Schroff felt a bond with Maurice, and they continued meeting for lunch to nurture their growing friendship. Maurice, she learned, lived in a shelter hotel with his grandmother and mother, who was addicted to drugs – though he didn’t reveal that at first. Instead, he told Schroff that she didn’t have a job but spent her days vacuuming and cleaning, an image of motherhood he got from watching “Leave it to Beaver” reruns.
To a certain degree, Schroff could relate to Maurice’s parental dilemma because her father had been an alcoholic whose demons came out when he drank. “He would become very violent with my mother and my younger brother Frank. But the big difference between my life as a child growing up and Maurice’s is that I did come from a very loving home. My mother was enormously strong and faithful and was the glue to the family.”
On the topic of faith, Schroff noted that her mother was both a spiritual and religious Catholic whose beliefs influenced her own. In retrospect, she sees God’s hand at work in her life: “At the time, I’d always wanted to have a family of my own, and it was just not meant to be. I do believe that God works in strange ways, where He did put Maurice into my life because He knew he needed someone to care for him. And for me, I was looking for more in my life than just work, and I think we were brought together for that very specific reason.”
It was that mystical idea that led Schroff to choose the title of her 2011 memoir “An Invisible Thread,” which won her a Christopher Award. She was in a Duane Reade looking for a birthday card when she picked one up that said, “An invisible thread connects those that were destined to meet.” She discovered that it was an ancient Chinese proverb and thought it beautifully reflected her friendship with Maurice.
Schroff recently wrote a new book aimed at kids, called “An Invisible Thread Christmas Story,” co-authored by Alex Tresniowski and illustrated by Barry Root. She said, “The Christmas story [in the original book] resonated a lot with my readers. And it was because Maurice as a child had never had a chance to celebrate Christmas. Simon and Schuster thought it would be wonderful to bring this story to life and show children how they can make a difference during the Christmas season, and that the best gifts are the ones that don’t come in a box, how giving versus receiving during Christmastime is really important.”
One of the most poignant vignettes in the warm and inviting picture book comes when Laura and Maurice visit Laura’s sister’s home and family for Christmas. While Maurice received gifts and toys, his favorite part of the day was sitting with everyone in the dining room, sharing a meal while laughing and talking. He told Schroff, “When I grow up, I want to have a dining room table just like that.”
Sure enough, Maurice’s home today has a dining room. He’s been married for over 20 years, has seven beautiful children, and works in the construction industry.

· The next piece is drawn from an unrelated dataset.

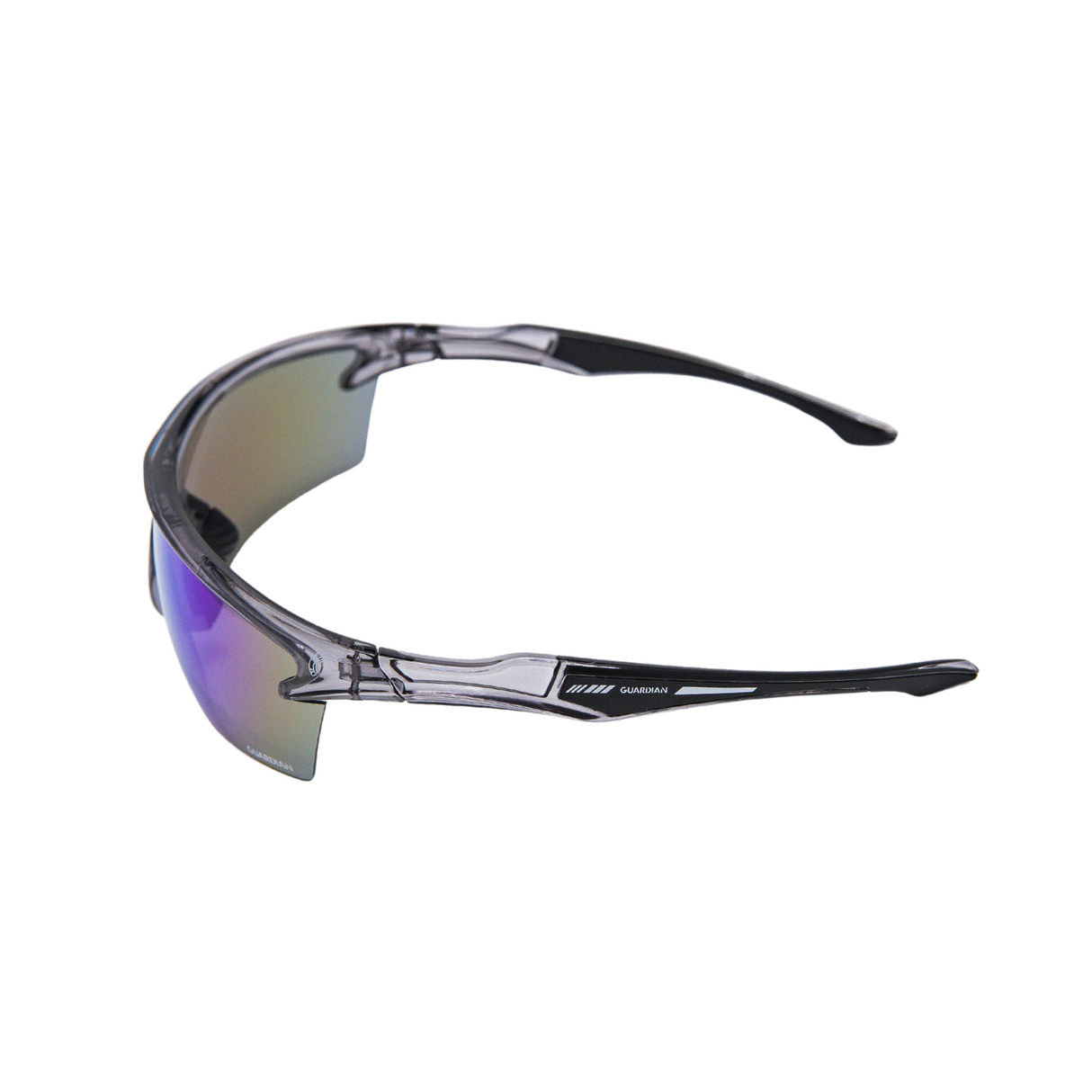 Guardian Baseball Baseball Sunglasses - Adult size, Blue/Grey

Schroff believes that is largely due to the new possibilities he imagined after he became a part of her life. Maurice said that someone once told him, “Kid, if you continue to go down the road you’re going, by the time you’re 18, you’re either going to be on drugs, dead or in jail.”
“He always believed that was his lot in life,” explained Schroff. “Then, when he started to experience what it was like to be part of a family and to see how families reacted and interacted with each other, [he discovered] that was really what he wanted.”
What message does Schroff hope both adults and children get from reading her books? She concludes, “We all have the ability to throw a lifeline to someone in need – and if you throw that lifeline, the likelihood is that person will grab hold of it and won’t let go. Also, when ‘An Invisible Thread’ came out, I got an e-mail from a man in Arizona, and he said that he read my book and he cried. A couple of weeks later, he was at a grocery store, and a young woman with two small children had just bagged all her groceries. When she went to pay for her groceries, her credit card was declined. He said the look of hopelessness on her face was just incredible. He said, ‘I thought about your book and realized I don’t have to feed the world, but I can help this one person.’ I believe that everybody, if they’re willing to just open their eyes, they’ll see a person in need – and one small act of kindness can make a difference.”